Paper Trail

Jelani Cobb on the importance of newsroom diversity; Roger Angell reminds readers to vote today


Jelani Cobb

Leslie Jamison lists her favorite books about drinking. “They aren’t chronicles of the way many people can drink,” she explains, “but stories that have made me feel less alone in the way I used to drink: desperately, repetitively, often gracelessly, delivered constantly back into the dingy storeroom of the self.”

Don DeLillo talks to The Guardian about his next book, the national news cycle, and the difference between writing novels and plays.

“If you stay home, count yourself among the hundreds of thousands now being disenfranchised by the relentless parade of restrictions that Republicans everywhere are imposing and enforcing,” writes New Yorker editor Roger Angell as he implores readers to vote in the midterm elections today. “If you don’t vote, they have won, and you are a captive, one of their prizes.”

The Washington Post’s Margaret Sullivan looks at how the press has failed to improve their coverage of Trump in the lead-up to the midterms. “We’re more careful about tossing around predictions based on our none-too-savvy interpretations of public opinion polls. . . . We’ve made fact-checking President Trump into a necessary cottage industry. And we’ve gotten over our hesitance to use the L word — lie — about his escalating falsehoods,” she writes. “But there’s still one overarching problem: Too many journalists allow Trump to lead them around by the nose.”

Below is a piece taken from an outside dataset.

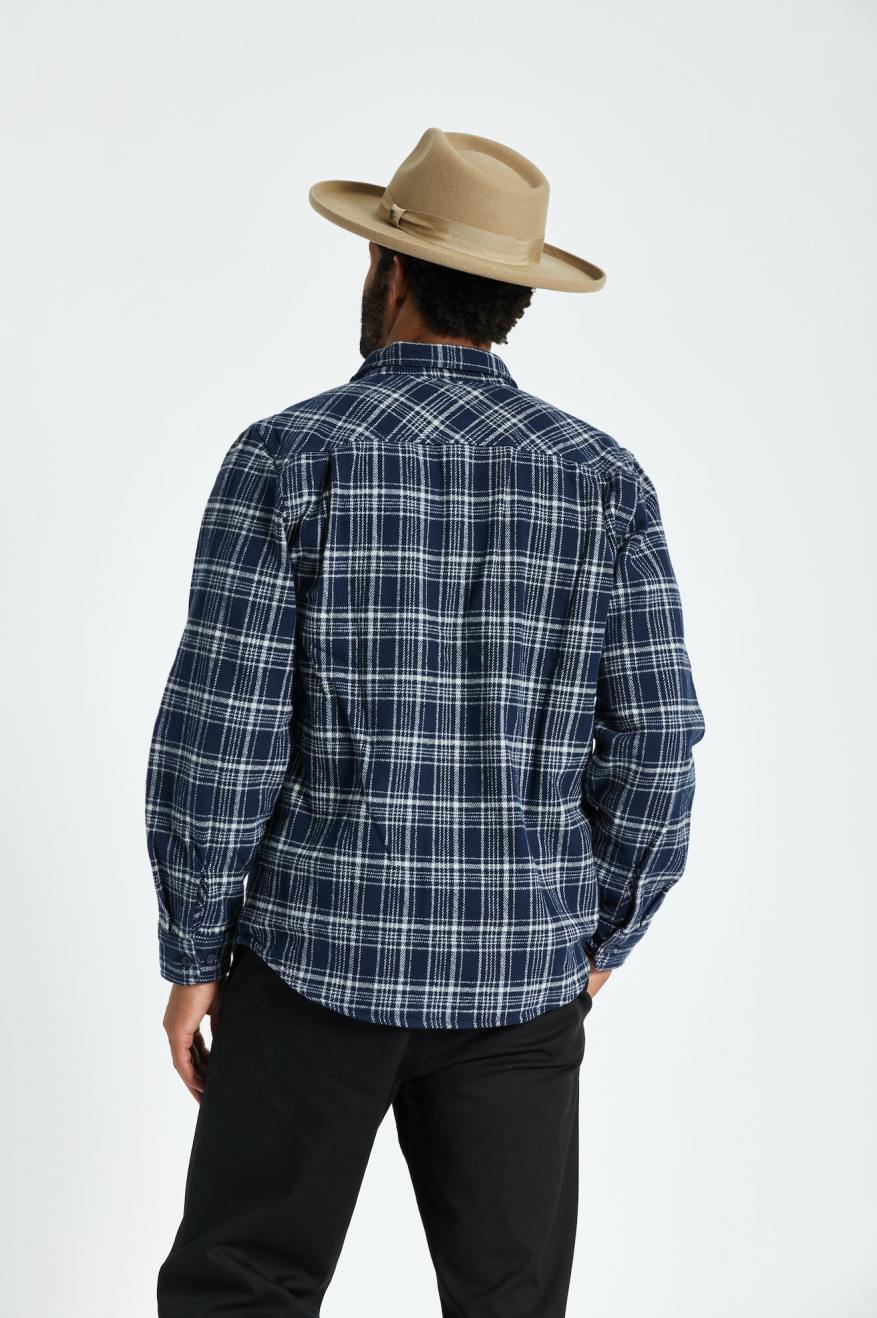 Sombreros De Fieltro Brixton Victoria Felt Hombre Marrones | 470169GAF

“The media exists in a climate of unprecedented hostility. The relationship between the White House and the press, frequently rocky, has devolved into a circumstance in which the president of the United States has referred to us as the ‘enemy of the people.’ Trump’s attacks are facilitated by the fact that, in the past two decades, trust in the media has plummeted,” writes Jelani Cobb at the Columbia Journalism Review on the importance of newsroom diversity. “At least some portion of that distrust is a product of people who rarely see themselves or their stories depicted in the media they consume. A great deal must be done to rebuild public trust. But it can begin by including the voices of all Americans. The press, tasked with protecting American democracy, is best secured by reflecting the American people.”